JEFFERSON CITY — Lawmakers in the Missouri House of Representatives decided the Common Core Standards will remain in schools next year, but they appointed educators and parents to begin developing replacement standards.
HB 1490 underwent a tremendous facelift last week on the House floor before heading to the Senate. It was amended to push back the timeline for replacing Common Core, to empower the State Board of Education to begin working on a replacement by October 2015 and to allow the Common Core's first Smarter Balanced Assessments to move forward.
The bill passed the House 132-19, even though similar measures Rep. Kurt Bahr, R-St. Charles, introduced in past sessions never gained much traction.
Other states are looking at similar measures. In March, Indiana became the first state to adopt and subsequently drop Common Core.
About the Common Core State Standards
Common Core was developed by the National Governors Association and the Council of Chief State School Officers. It is a set of goals for students, but it's not a curriculum. Rather, school districts use Common Core to create their own curricula.
Proponents say Common Core would make it easier to compare student learning state-to-state, while increasing rigor for many states nationwide. Students would be expected to learn material at the same rate as their peers across state boundaries.
Missouri adopted the Common Core Standards in June 2010 with a 5-1 vote by the State Board of Education.
Missouri also agreed to compare to other states its results on the 2014-2015 Smarter Balanced tests, which are written specifically for schools with Common Core. Many Missouri schools have implemented Common Core in the past few years to prepare for those tests.
The Common Core standards are listed in their entirety on corestandards.org/read-the-standards.
This is the third year Bahr has taken up the charge against Common Core. Last year's attempt died at the end of session.
Bahr holds that last year's bill basically educated senators about the issue.
"Two years ago, the idea was, 'Well, we have it, so go away,'" Bahr said. "This year, even the people who were opposed to my bill last year have come around to be concerned with multiple aspects of" Common Core.
Bahr said most of the language in his amendment was pulled from the language Sens. John Lamping, R-St. Louis County, and Ed Emery, R-Lamar, have been working on in the Senate.

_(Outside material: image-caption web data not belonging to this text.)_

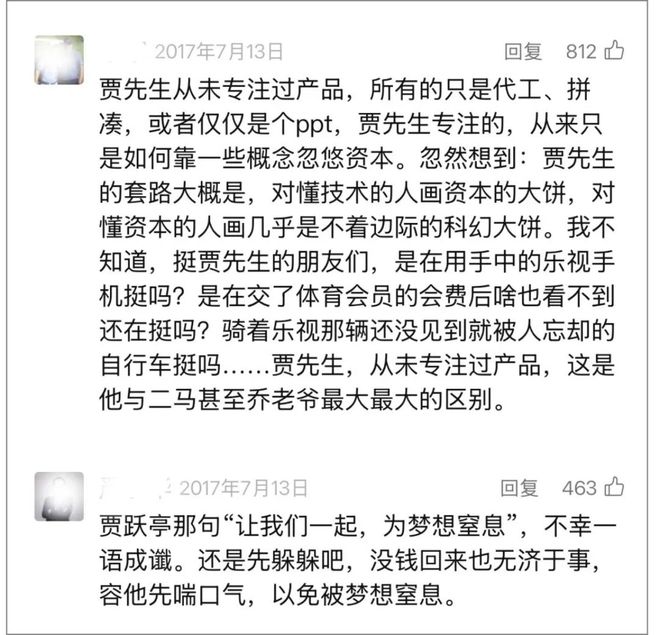 名利场||贾跃亭甘薇官宣离婚，霸总娇妻童话破灭，聊聊千亿市值后的煊赫旧事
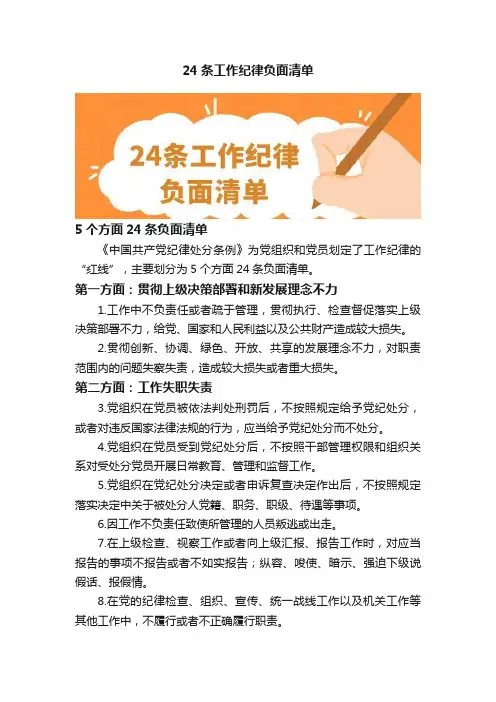 24条工作纪律负面清单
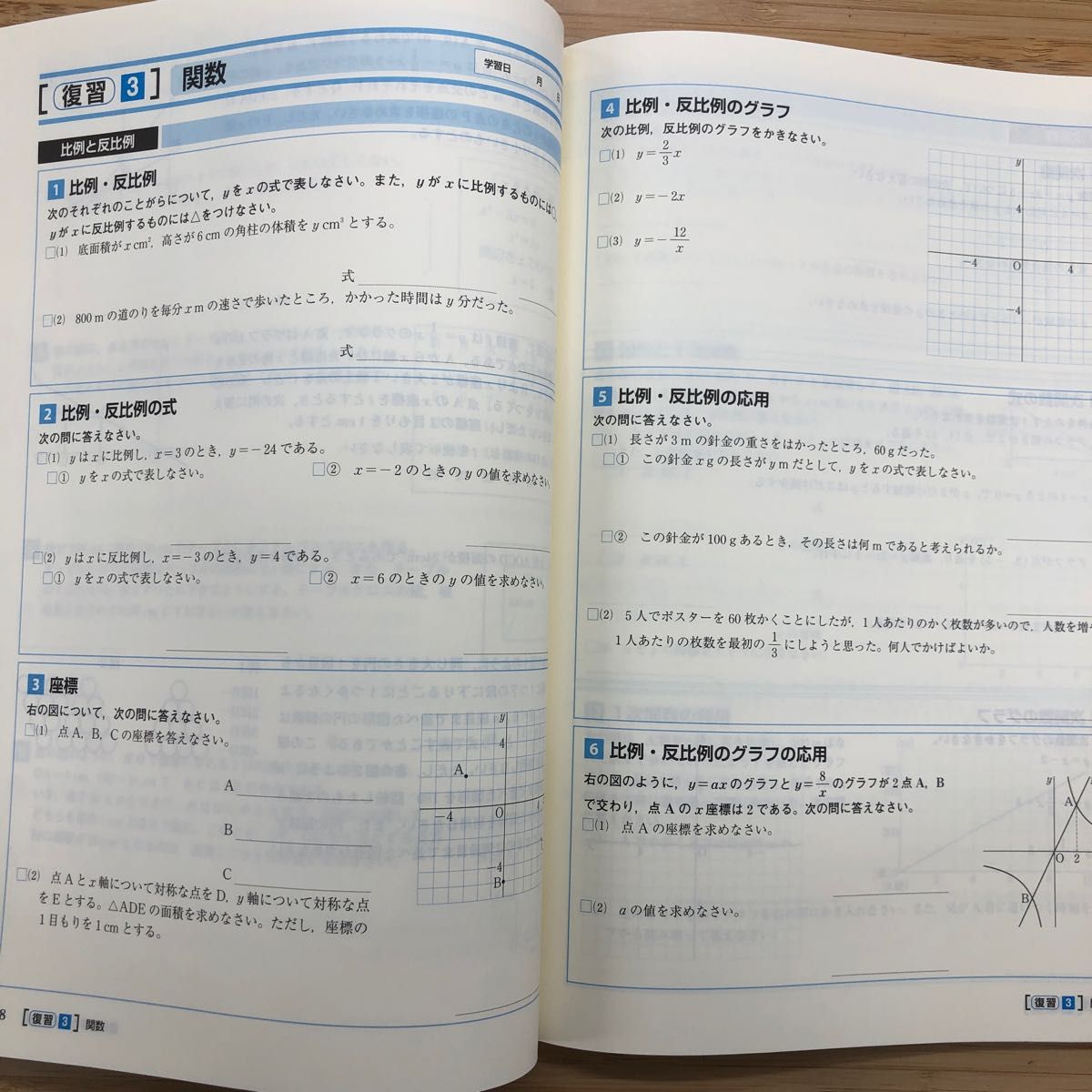 ｉワーク　中３　数学　東書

He said the primary question they're striving to answer is: "If we don't have Common Core, then what?"
"It's a valid concern, and so the intent of the language that I amended onto the bill answers that question," Bahr said. "We're going to create the process to have Missouri standards and Missouri assessments."
The standards could look similar to Common Core, but they'll be Missouri's. To opponents to Common Core, it's the principle of state sovereignty that's important.
HB 1490 would give the legislature more control over Missouri's academic standards. The study groups of education professionals would have a full year to recommend new standards in place of Common Core. The groups would be required to check in with lawmakers on their progress. The State Board of Education would then adopt and implement new standards beginning in the 2016-2017 school year. The statewide assessment system would then be aligned to Missouri's new standards within three years.
The work groups would consist of education professionals chosen by teacher, administrator and school board organizations. Lawmakers would also choose members. Classroom teachers would take most of the positions, but four of the 14 members in each group will be parents of students.
"The Senate bill is bigger than mine, so I expect they will modify it. But the general idea of what we agreed to on the House floor and what the Senate is working on is very similar in concept," Bahr said. "So we'll see what it looks like, but we have a pathway forward."
Columbia Public Schools Superintendent Chris Belcher said he's pleased the House bill would allow schools a year to test out Common Core.
Columbia Public Schools put in hundreds of hours to prepare for teaching Common Core. Teachers formed committees that worked over the summers to align curricula. They created model lessons, documented the standards and developed district interim assessments to measure that students are learning the standards.
"It's a sizable investment and one that we wouldn't want to just forego," Chief Academic Officer Sally Beth Lyon said.
Belcher also pointed out that scores will drop in Missouri with the new tests, and that the public needs to be made aware it doesn't mean students aren't learning or that there is a problem with Common Core.
Lyon said in an interview that Common Core is more rigorous than Missouri's current standards. Certain math is taught earlier, and there's a heavier emphasis on nonfiction reading.
Belcher stressed that local school boards will still approve school district curriculum.